The book is based on the author’s extensive research on married couples, which has revealed the habits and behaviors that can make or break a marriage. The author identifies seven principles that guide couples on how to create and maintain a harmonious and long-lasting relationship. These principles are:
- Enhance your love maps: This means to have a detailed and updated knowledge of your partner’s inner world, such as their likes, dislikes, hopes, dreams, fears, and goals. This helps to build intimacy and friendship, and to show interest and respect for your partner.
- Nurture your fondness and admiration: This means to appreciate and express your positive feelings for your partner, such as their qualities, achievements, contributions, and efforts. This helps to create a positive atmosphere and a sense of gratitude, and to counteract the negative effects of criticism and contempt.
- Turn toward each other instead of away: This means to respond positively and attentively to your partner’s bids for attention, affection, support, or humor. This helps to strengthen the emotional bond and the trust between you and your partner, and to increase the frequency and quality of your interactions.
- Let your partner influence you: This means to share power and decision-making with your partner, and to respect and consider their opinions, preferences, and feelings. This helps to create a sense of partnership and equality, and to avoid conflicts and resentment.
- Solve your solvable problems: This means to use effective communication and problem-solving skills to deal with the issues that can be resolved or compromised. This involves avoiding the four horsemen of the apocalypse (criticism, defensiveness, contempt, and stonewalling), using soft start-ups (gentle and respectful ways of bringing up a problem), making repair attempts (actions or words that prevent or reduce negativity), soothing yourself and your partner (calming down when feeling overwhelmed or flooded), compromising (finding a middle ground that satisfies both parties), and being tolerant of each other’s faults (accepting the imperfections that cannot be changed).

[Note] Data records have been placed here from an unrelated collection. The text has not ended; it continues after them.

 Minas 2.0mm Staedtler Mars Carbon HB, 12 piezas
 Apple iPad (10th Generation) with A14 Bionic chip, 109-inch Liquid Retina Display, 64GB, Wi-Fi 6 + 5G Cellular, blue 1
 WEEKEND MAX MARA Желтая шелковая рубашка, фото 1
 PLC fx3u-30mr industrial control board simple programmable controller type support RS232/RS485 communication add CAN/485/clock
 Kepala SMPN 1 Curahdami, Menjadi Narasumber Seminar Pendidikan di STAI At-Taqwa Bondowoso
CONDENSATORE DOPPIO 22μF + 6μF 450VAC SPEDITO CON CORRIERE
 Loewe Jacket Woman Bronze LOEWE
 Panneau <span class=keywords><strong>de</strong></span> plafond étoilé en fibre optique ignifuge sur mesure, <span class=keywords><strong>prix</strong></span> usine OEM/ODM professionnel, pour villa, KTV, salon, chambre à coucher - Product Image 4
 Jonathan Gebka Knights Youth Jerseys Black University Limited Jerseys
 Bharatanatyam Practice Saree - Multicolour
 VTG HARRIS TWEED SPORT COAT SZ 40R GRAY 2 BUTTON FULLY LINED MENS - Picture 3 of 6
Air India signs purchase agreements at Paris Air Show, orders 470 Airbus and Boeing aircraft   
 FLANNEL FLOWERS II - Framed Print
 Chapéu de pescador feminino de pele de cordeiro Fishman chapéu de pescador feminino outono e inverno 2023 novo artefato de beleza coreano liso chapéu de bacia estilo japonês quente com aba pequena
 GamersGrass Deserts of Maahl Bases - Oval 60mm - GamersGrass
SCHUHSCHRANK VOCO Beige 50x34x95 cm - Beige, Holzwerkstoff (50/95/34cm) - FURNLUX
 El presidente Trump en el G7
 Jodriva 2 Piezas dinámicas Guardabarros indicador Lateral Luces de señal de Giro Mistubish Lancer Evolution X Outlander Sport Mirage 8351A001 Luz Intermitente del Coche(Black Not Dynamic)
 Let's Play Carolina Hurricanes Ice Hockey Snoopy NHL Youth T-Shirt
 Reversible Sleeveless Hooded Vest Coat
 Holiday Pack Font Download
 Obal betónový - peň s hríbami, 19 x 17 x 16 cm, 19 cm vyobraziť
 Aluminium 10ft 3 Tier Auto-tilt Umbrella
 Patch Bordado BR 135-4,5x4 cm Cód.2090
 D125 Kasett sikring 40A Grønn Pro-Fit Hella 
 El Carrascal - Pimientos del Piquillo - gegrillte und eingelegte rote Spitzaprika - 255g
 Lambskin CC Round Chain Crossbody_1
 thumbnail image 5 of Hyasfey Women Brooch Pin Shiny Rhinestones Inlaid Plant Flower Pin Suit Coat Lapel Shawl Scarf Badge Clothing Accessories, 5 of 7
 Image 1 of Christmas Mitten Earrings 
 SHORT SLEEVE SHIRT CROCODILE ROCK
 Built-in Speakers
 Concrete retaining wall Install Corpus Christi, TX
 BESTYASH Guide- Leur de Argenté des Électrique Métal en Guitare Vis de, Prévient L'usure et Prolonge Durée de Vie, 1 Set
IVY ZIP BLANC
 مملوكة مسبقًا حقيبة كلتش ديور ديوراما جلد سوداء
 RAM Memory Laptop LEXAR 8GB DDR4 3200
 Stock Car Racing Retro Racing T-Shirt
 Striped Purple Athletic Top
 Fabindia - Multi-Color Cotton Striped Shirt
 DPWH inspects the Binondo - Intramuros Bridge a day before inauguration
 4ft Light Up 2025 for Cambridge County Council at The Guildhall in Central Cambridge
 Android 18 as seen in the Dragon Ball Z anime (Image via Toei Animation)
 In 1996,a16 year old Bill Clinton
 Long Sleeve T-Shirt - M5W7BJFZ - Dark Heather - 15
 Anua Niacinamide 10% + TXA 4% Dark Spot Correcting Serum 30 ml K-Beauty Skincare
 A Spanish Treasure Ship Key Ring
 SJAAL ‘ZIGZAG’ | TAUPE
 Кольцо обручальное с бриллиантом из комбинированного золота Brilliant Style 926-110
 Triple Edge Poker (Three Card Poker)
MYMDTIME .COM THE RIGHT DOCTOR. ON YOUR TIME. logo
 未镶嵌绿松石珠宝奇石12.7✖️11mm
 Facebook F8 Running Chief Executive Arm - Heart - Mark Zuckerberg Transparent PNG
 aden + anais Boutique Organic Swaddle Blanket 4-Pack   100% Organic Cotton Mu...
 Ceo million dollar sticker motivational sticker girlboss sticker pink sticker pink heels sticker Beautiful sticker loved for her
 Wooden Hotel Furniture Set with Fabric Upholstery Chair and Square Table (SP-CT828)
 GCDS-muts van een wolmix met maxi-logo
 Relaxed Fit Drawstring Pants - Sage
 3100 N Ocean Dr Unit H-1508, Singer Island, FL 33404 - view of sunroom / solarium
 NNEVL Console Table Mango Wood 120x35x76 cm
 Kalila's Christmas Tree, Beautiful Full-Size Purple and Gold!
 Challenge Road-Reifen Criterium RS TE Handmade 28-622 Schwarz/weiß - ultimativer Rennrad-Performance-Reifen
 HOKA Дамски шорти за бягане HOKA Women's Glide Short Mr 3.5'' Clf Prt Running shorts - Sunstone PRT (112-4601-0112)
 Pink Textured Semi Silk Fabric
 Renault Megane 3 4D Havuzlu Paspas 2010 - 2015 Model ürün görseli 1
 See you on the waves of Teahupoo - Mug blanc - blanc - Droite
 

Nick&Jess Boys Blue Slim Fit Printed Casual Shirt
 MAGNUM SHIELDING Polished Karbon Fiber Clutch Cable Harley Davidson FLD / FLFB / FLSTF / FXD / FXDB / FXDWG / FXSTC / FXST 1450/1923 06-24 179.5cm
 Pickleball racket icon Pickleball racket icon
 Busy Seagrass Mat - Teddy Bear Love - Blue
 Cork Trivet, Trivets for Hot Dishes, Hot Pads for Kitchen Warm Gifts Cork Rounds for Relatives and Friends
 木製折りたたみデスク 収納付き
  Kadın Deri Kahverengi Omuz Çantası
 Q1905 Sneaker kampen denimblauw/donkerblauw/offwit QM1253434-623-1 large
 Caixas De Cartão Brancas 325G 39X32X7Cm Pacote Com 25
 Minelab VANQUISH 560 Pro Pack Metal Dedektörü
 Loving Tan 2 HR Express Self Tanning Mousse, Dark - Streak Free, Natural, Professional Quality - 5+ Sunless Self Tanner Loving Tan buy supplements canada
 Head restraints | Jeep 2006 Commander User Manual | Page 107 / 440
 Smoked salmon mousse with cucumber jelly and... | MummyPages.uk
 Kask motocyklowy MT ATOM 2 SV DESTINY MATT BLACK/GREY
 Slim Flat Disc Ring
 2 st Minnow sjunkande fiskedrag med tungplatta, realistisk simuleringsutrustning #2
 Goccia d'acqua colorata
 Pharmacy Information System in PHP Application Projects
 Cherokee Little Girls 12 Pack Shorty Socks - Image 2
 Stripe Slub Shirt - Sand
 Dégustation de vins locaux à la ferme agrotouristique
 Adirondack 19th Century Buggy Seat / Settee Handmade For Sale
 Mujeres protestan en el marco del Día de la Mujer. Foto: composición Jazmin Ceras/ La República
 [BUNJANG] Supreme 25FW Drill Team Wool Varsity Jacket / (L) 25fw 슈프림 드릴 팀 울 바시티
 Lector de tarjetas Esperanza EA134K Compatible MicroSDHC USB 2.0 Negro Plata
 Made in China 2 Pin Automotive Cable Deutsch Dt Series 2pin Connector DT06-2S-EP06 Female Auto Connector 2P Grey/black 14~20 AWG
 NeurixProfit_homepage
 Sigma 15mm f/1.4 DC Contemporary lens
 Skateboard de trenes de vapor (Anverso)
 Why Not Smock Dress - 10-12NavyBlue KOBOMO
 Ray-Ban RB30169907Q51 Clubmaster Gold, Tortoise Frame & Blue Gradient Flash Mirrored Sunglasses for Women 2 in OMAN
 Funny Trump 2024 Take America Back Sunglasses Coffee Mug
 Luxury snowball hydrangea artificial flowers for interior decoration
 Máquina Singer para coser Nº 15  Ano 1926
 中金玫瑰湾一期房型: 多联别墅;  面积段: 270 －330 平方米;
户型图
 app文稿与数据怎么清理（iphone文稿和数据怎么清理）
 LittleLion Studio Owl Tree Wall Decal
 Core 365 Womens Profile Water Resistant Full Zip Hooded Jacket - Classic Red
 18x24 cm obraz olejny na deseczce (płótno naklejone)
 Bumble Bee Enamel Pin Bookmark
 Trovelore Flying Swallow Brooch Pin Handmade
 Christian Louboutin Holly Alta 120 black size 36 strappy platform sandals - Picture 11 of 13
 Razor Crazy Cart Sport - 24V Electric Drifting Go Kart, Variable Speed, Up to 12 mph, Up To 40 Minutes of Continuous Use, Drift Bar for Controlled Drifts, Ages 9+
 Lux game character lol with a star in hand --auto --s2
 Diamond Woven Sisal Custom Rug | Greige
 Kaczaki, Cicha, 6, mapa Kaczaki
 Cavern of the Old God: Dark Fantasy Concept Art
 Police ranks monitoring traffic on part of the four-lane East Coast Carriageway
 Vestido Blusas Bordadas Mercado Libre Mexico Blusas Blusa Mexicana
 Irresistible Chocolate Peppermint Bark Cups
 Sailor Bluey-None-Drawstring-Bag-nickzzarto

- Overcome gridlock: This means to cope with the issues that are perpetual or unsolvable, which are usually related to fundamental differences in personality or values. This involves understanding the underlying dreams or needs that drive your partner’s position, expressing support and empathy for their dreams or needs, creating temporary compromises that honor both parties’ dreams or needs, and finding common ground or shared meaning that transcends the issue.
- Create shared meaning: This means to build a sense of purpose and direction in your relationship, by sharing goals, values, beliefs, rituals, roles, symbols, and legacies. This helps to enrich your relationship and make it more fulfilling and satisfying.
I think this book is a practical and helpful guide for anyone who wants to improve their marriage or relationship. The book is based on solid scientific evidence and real-life examples, which make it credible and relatable. The book is also clear and easy to follow, with explanations, exercises, questionnaires, summaries, and references. The book is not only informative but also motivational, as it shows that anyone can learn and apply the seven principles to make their marriage work.
I would recommend this book to couples who are struggling with their marriage or relationship or who want to prevent future problems. I would also recommend this book to singles who want to prepare themselves for a healthy and happy marriage or relationship. I think this book is a valuable resource for learning about the secrets of marital success.